As the judge had suspected nearly three months earlier, Balducci had no further interest in pushing for a decision from him in
Jones v. Scruggs
. It was time for the judge to revive the subject.

After a bit more banter, Lackey asked if Balducci was in a position to talk confidentially. Assured that he was, the judge asked, “You think Dickie wants this thing in mediation—I mean arbitration?”

“Yes, sir. That’s his number one goal.”

“Well, I just wondered if he wanted me to take care of it somehow.”

“Yes, sir. That’d be terrific. If that’s how you sees [
sic
] it after you’ve taken a look at it.”

“I’ve got it in the bosom of the court now,” the judge said. “I don’t know him, and of course I trust you.”

“Yes, sir,” Balducci said, ever obsequious. “The only concern I think anybody had after the hearing was Johnny Jones blowing his snot bubbles and stuff. Everybody was afraid he might pull on somebody’s heart strings. But, you know, I think this is one of those where it has the added benefit of being right. If you look at the agreement, hell, I think they’re right. So all they want is for the thing to get kicked to arbitration.”

“As long as they feel comfortable with that,” Lackey said, “rather than in the court …”

“That’s what they want.”

“All right,” Lackey agreed.

“That’d be terrific, judge.”

The conversation constituted more improper talk with a judge. Still,
there was no mention of a bribe, no quid pro quo, and until that was offered, no real crime existed.

    
Lackey’s subsequent attempts to reach Balducci during the month failed. This show has got to stop, the judge thought to himself. I have been living with this thing since March and I want to bring it to a head one way or another.

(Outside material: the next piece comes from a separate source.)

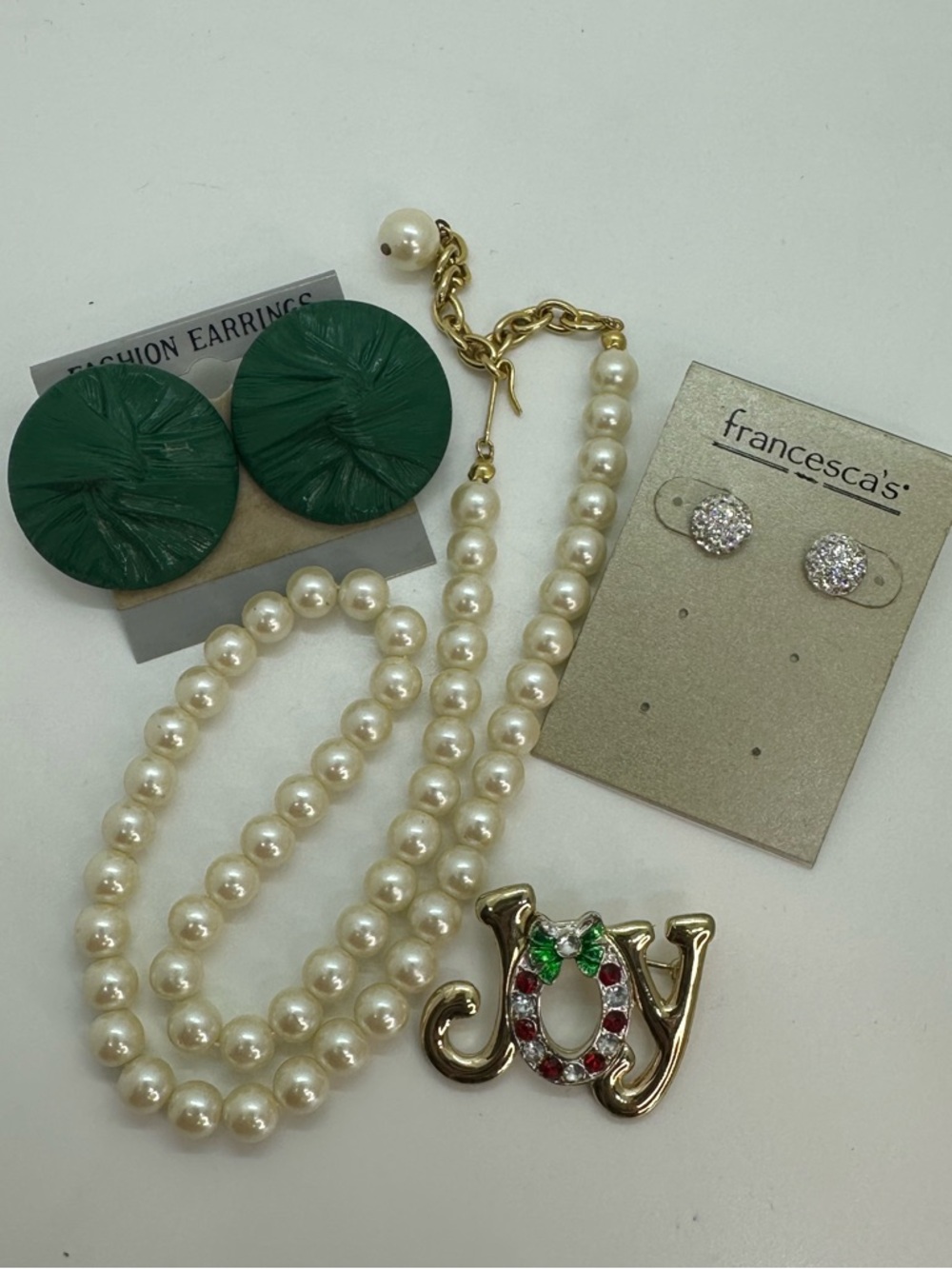 Jewelry Lot Faux Pearl Necklace Joy Brooch Green Earrings Rhinestone Studs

To buck up Lackey’s spirits, the FBI praised him for his value to the investigation, for bringing Balducci’s overture on behalf of Scruggs to their attention. It was not the first time that Scruggs had been in the crosshairs of the FBI. They had been unable to secure an indictment against him in the Paul Minor case on the Gulf Coast, but they were prepared to try again. They encouraged Lackey to keep trying, too. It would be helpful, they said, if Lackey arranged another meeting with Balducci. And it would be decisive if money were mentioned explicitly. Otherwise, the case would go nowhere, and all of Lackey’s agony over the past six months would have been for nothing.

Suddenly Lackey grew very uncomfortable with the role he had been playing. He was, after all, a god-fearing deacon, and the thought of asking for money flew against his nature. He didn’t want to do it. And even if he did, he still privately hoped that his young friend might say that it had all been a terrible misunderstanding. Then that would be the end of it.

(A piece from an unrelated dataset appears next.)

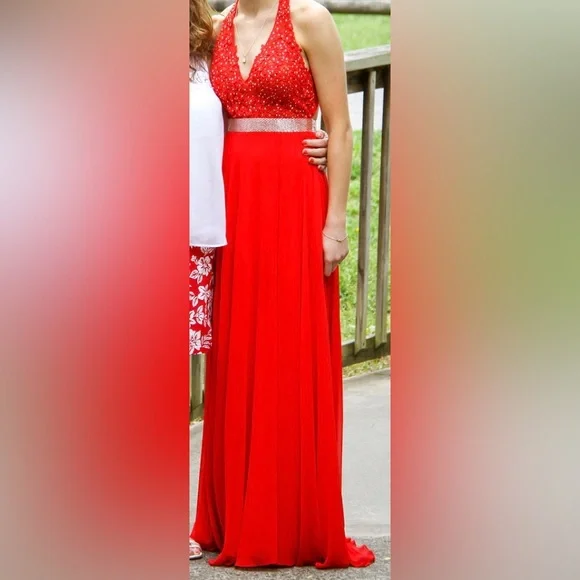 Mori Lee Dresses | Red V Neck Prom Dress with Open Back | Color: Red | Size: 6 | Ashlynj1298'S Closet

Lackey was ambivalent over continuing, but the FBI prevailed upon him to make one more effort. The judge called Balducci’s office in New Albany and learned he was in Washington for a couple of days. He hung up, cleared his throat, and with fresh resolve prepared to pursue him further. Speaking into the FBI’s recording device, Lackey set the stage:


I could not reach Mr. Balducci on his phone at his office, was advised he was in Washington, D.C., and would not be back until Thursday, which is day after tomorrow. I’m going to attempt to reach Mr. Balducci on his cell phone, and, again, I’m going to attempt to make a recorded telephone call to him from my office number. The time is approximately three minutes until five p.m. on this, the eleventh day of September.”

Instead of talking with Balducci, the judge got his cell phone’s voice mail. Even as he spun one of the last strands in his web, Lackey could not resist another joke based on the recent news that Vice-President Cheney had inadvertently wounded a hunting companion.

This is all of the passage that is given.